While no bailout abandonments actually occurred on school campus property, the report found that high-speed chases did go through school parking lots, and the constant warnings and alerts by law enforcement to Uvalde Consolidated Independent School District personnel led to a false sense of security and relaxed attitude toward the actual level of danger the students and staff were in.
“The series of bailout-related alerts led teachers and administrators to respond to all alerts with less urgency — when they heard the sound of an alert, many assumed that it was another bailout,” according to the report.
Uvalde is about 70 miles from the northern Mexican border towns of Piedras Negras and Ciudad Acuña. The town of 15,000 is situated near two highways that feed from border towns and are frequent routes used by human smugglers, who are called guides or ‘coyotes.‘
When law enforcement officers pursue a suspect vehicle and a high-speed chase ensues, it can end up destroying local property, ranchlands, gates and fences, sometimes letting livestock out.

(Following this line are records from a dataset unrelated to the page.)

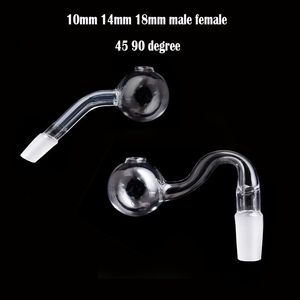 10pcs Tubo de queimador de óleo de vidro Tubos de fumo 45 90 graus 10mm 14mm 18mm Masculino Feminino para Rig Water Bubbler Bong Adaptador Oil Nail Forma dobrada Banger Nails Hookah Acessórios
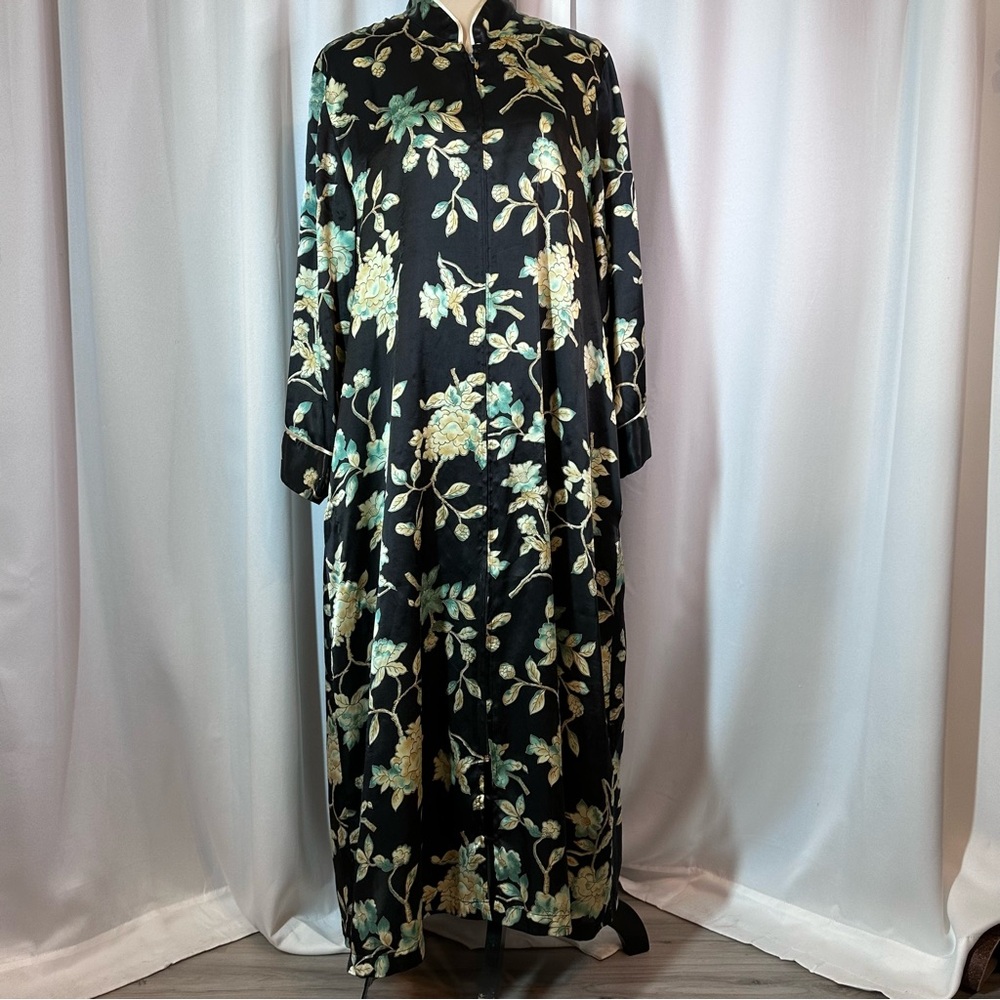 Vtg Natori Kimono Sz S? Floral Kaftan Robe Housecoat Loungewear Full Zip Pockets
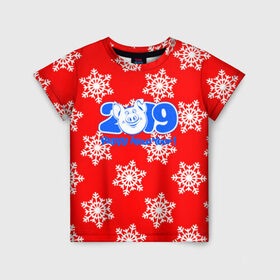 Детская футболка 3D с принтом HAPPY NEW YEAR 2019 в Петрозаводске, 100% гипоаллергенный полиэфир | прямой крой, круглый вырез горловины, длина до линии бедер, чуть спущенное плечо, ткань немного тянется | christmas | new year | pig | snow | год свиньи | ёлка | зима | кабан | каникулы | новогодний паттерн | новый год | праздник | рождество | свинья | снег | снежинки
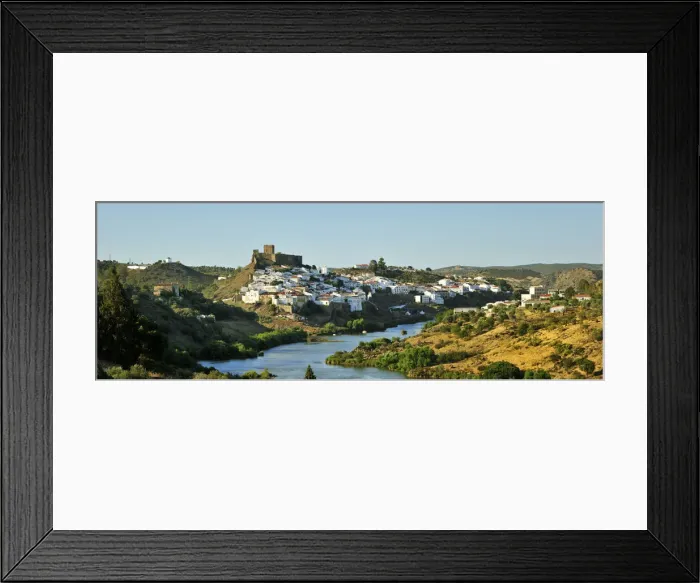 Framed Print : The historical village of Mertola, overlooking the Guadiana river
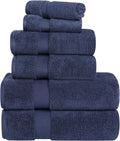 SUPERIOR Zero Twist 100% Cotton Bathroom Towel 6pc, Midnight Blue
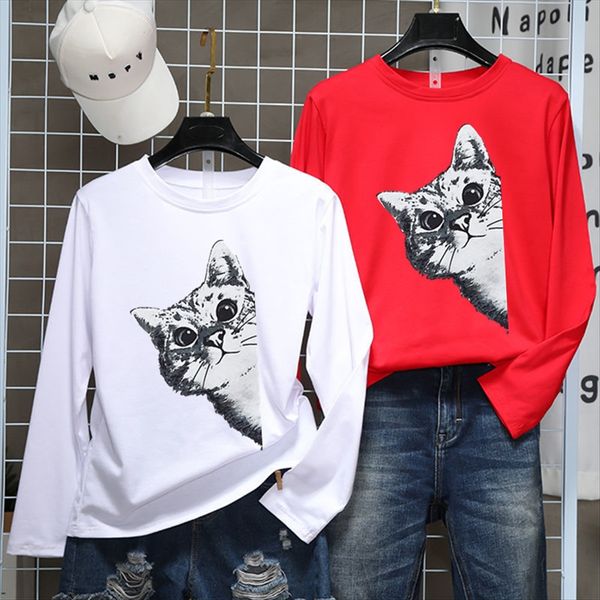 

new summer autumn long-sleeved couple dress couple clothes loose all-match women's super-base shirt 0513#, White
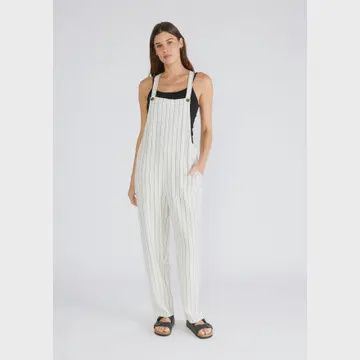 Yarn Dye Striped Button Strap Overall
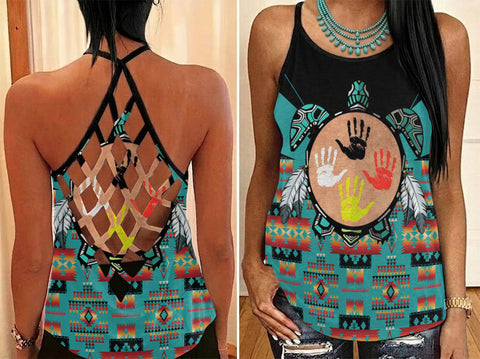 HD0012862 Tribe Turtle Native American Criss-Cross Open Back Tank Top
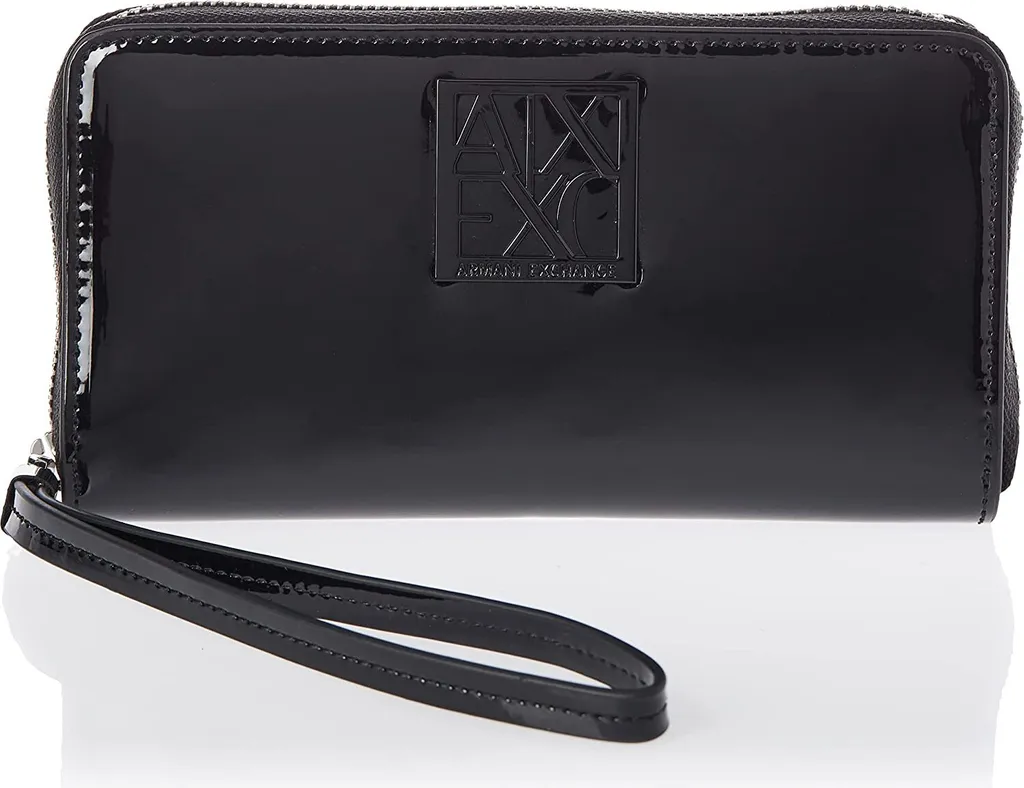 Portefeuille zippé Armani Exchange pour femme avec logo - Noir chic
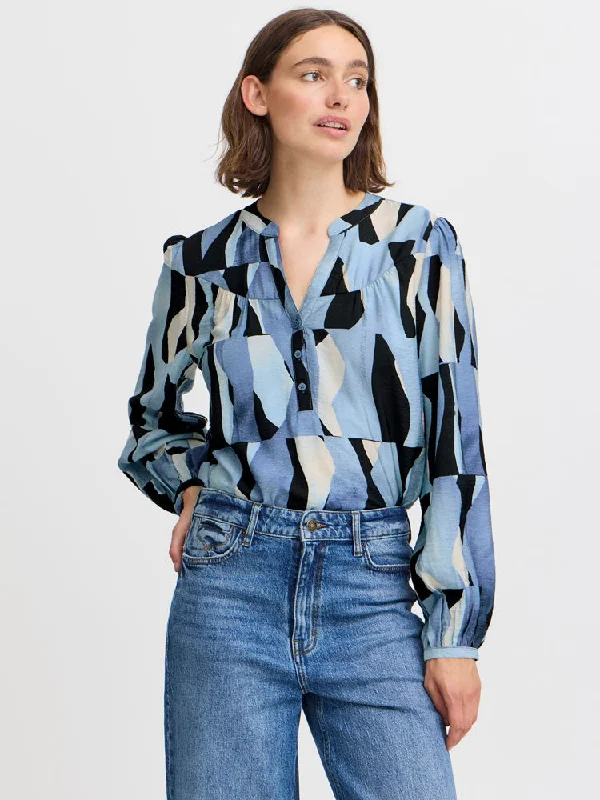 B Young ByIbine Blouse Dusty Blue Abstract Collared Satin Blouse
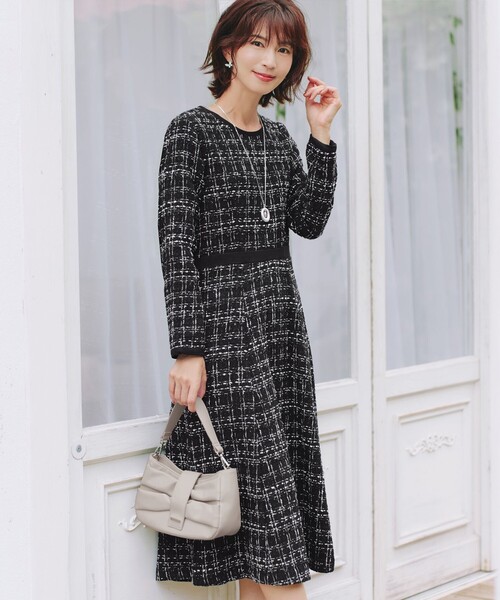 配色ツイードワンピース（ワンピース）｜Tiaclasse（ティアクラッセ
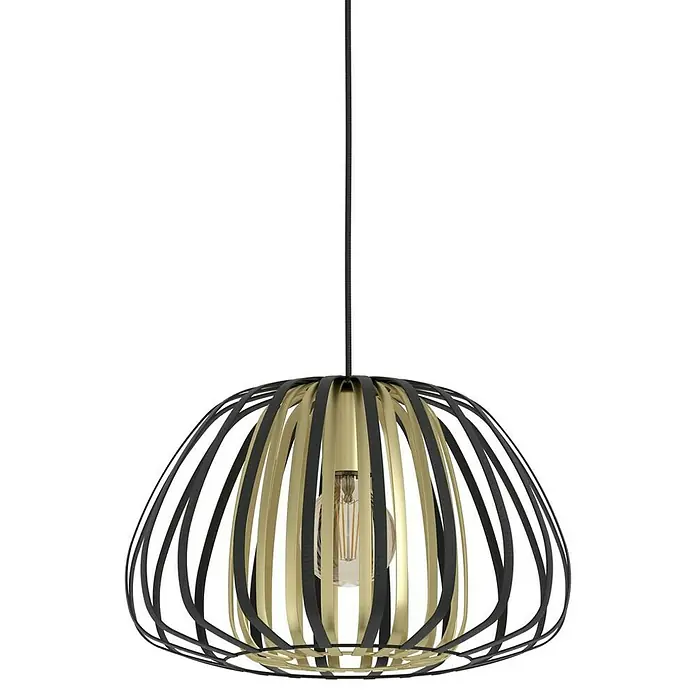 Eglo Encinitos Lámpara colgante redonda - 40 W, Ø x Al: 375 x 110 cm, Negro/Oro, E27 - Atractiva lámpara colgante con una jaula de metal negro y un interior dorado que emite una luz cálida y crea un ambiente elegante.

The report found there were incidents involving firearms and bailouts occurring in surrounding school neighborhoods, Uvalde CISD Police Chief Pete Arredondo told investigators.
U.S. Rep. Henry Cuellar, D-Texas, told Border Report that migrants involved in bailouts often are being led by transnational criminal organizations or cartels. These dangerous organizations receive millions of dollars to smuggle humans into the United States and will do anything to move their “loads.”
Migrants who pay to be smuggled into the country differ from asylum seekers, who cross the border and readily surrender to U.S. Border Patrol agents, he said.
“It does put the community at risk because we’re talking about a different profile, the people who are trying to evade. So you have drivers that will try to evade and drive many times at high speeds that can put community members at risk if there is an accident and that includes many times the migrants that are in that particular vehicle,” Cuellar said. “It does bring a safety issue as opposed to the ones who are trying to turn themselves in and are processed by Border Patrol.”
Susan Kibbe, executive director of the South Texans’ Property Rights Association, a nonprofit organization that represents ranchers in South Texas and has members in Uvalde, says many landowners have lost livestock and had property damaged by bailouts.
“They just take off and they’re getting more and more brazen and rash,” Kibbe told Border Report. “They go through multiple fences to try to bypass law enforcement, damaging private property as they go. It’s just a chaotic scene that shouldn’t be.”
She says that with every chase, their safety is also in jeopardy.
“I just feel like we’re forgotten and not cared about at all and it’s the truth,” said Kibbe, whose ranch in Jim Wells County has been damaged by multiple bailouts. “Ranchers are fed up.”
Kibbe said she believes the only way this will change is for more conservative leadership with a harder line against those who try to enter the United States illegally.
“The constant pursuits and bailouts. There’s got to be an end to this and I think the only end to this is voting,” Kibbe said.